Today Beth and I took Penny down to Sandogardy Pond right after breakfast. When we got to the pond, we came across a flower I did not recognize. I haven’t yet tried to identify it, so if you know what it is, please tell! Looks like it’s probably a Bur Marigold (Bidens cernua).

Bur Marigold (Bidens cernua)

Bur Marigold (Bidens cernua)

Next we saw some Wild Mint (Mentha arvensis). Some people are crazy about this stuff. I’ve nibbled it, and yes, it does taste minty, but I would not ever be likely to go out of my way to get some.

Wild Mint (Mentha arvensis)

Wild Mint (Mentha arvensis)


Then we saw this New England Aster (Aster novae-angliae). They’ve been in bloom for a while, but I thought this was an especially nice specimen.
New England Aster (Aster novae-angliae)

New England Aster (Aster novae-angliae)

There were lots of water lobelias (Lobelia dortmanna) growing at the edge of the pond, mostly in the water. We haven’t had a lot of rain here lately, even when you factor in Hurricane (err… Tropical storm) Earl, so the pond is shrinking back from its normal water line, stranding these. That did allow me to get a nice shot without getting my feet wet though.

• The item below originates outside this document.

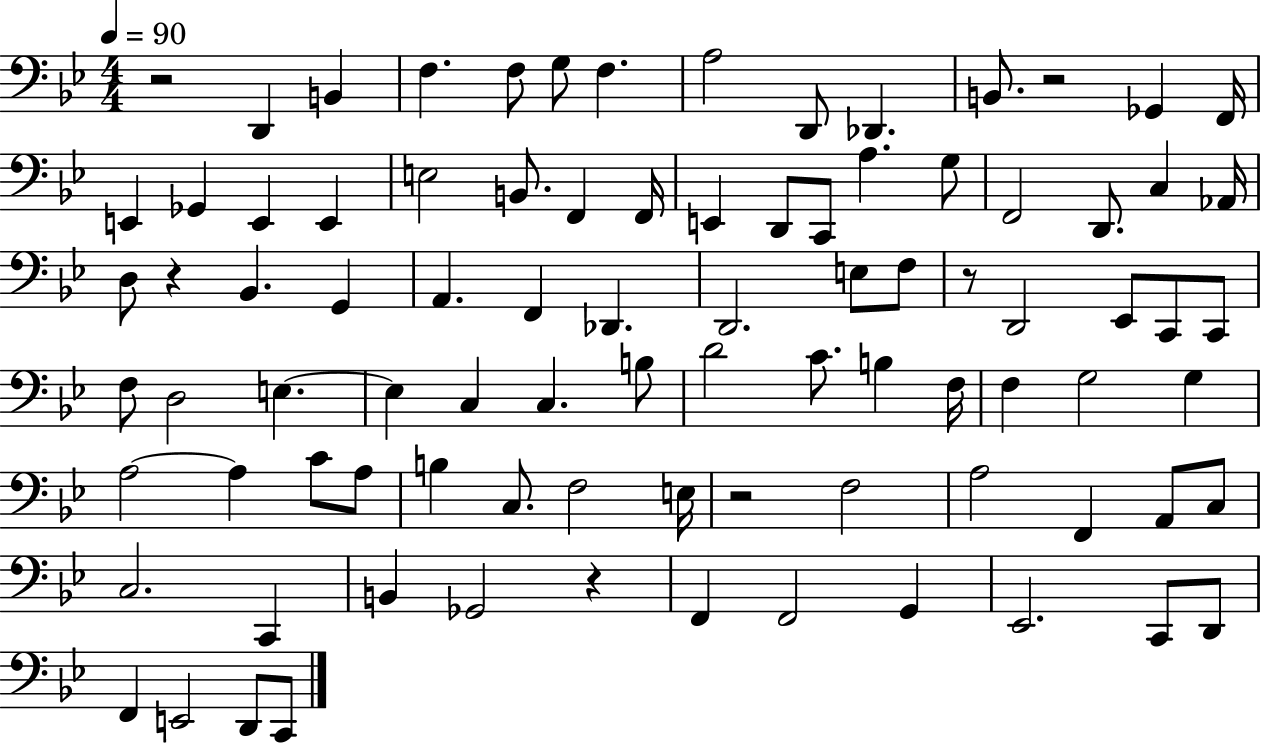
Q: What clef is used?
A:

Water Lobelia (Lobelia dortmanna)

Water Lobelia (Lobelia dortmanna)


Growing right among the lobelia was some Bladderwort (Utricularia inflata). This is one I had never noticed until this year. It’s carnivorous which makes it cool by default.
Swollen Bladdwrwort (Utricularia inflata)

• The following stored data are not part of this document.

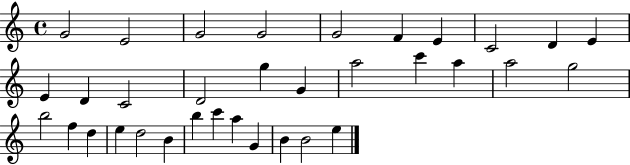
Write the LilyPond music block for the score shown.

{
  \clef treble
  \time 4/4
  \defaultTimeSignature
  \key c \major
  g'2 e'2 | g'2 g'2 | g'2 f'4 e'4 | c'2 d'4 e'4 | \break e'4 d'4 c'2 | d'2 g''4 g'4 | a''2 c'''4 a''4 | a''2 g''2 | \break b''2 f''4 d''4 | e''4 d''2 b'4 | b''4 c'''4 a''4 g'4 | b'4 b'2 e''4 | \break \bar "|."
}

Swollen Bladdwrwort (Utricularia inflata)


We left the pond and headed down the trail along the stream to check out the Jack-in-the-pulpit (Arisaema triphyllum) I had found last week. Peterson says you can eat the root (a corm), so I dug one up. I have to let it dry out before I eat it though. It cleaned up nicely after I got it home.
Jack-in-the-pulpit (Arisaema triphyllum) corm

Jack-in-the-pulpit (Arisaema triphyllum) corm


After harvesting the corm, Beth said she wanted to take a hike (which is what we were already doing in my opinion). I took that to mean she wanted a longer hike, and I was up for that. So we crossed the stream and walked up the dirt road that runs along the other side of the pond. There are several houses there. A couple of years ago when we were walking on this road we met a lady who lives in one of those houses. She has a huge garden. And now she has a nifty four-legged scarecrow.
Four-legged Scarecrow

Four-legged Scarecrow


We walked all the way until the road reaches Route 132 and then turned around. When we got home I rinsed the dirt out of Penny’s leash, and Beth came out with my camera. “There’s a moth you would like to take a picture of, so I brought you your camera.” She was right! It was a cool moth.
Unidentified Moth

Unidentified Moth


Again, I have not made any attempt at identification, so if you know what it is, I’d like to hear about it!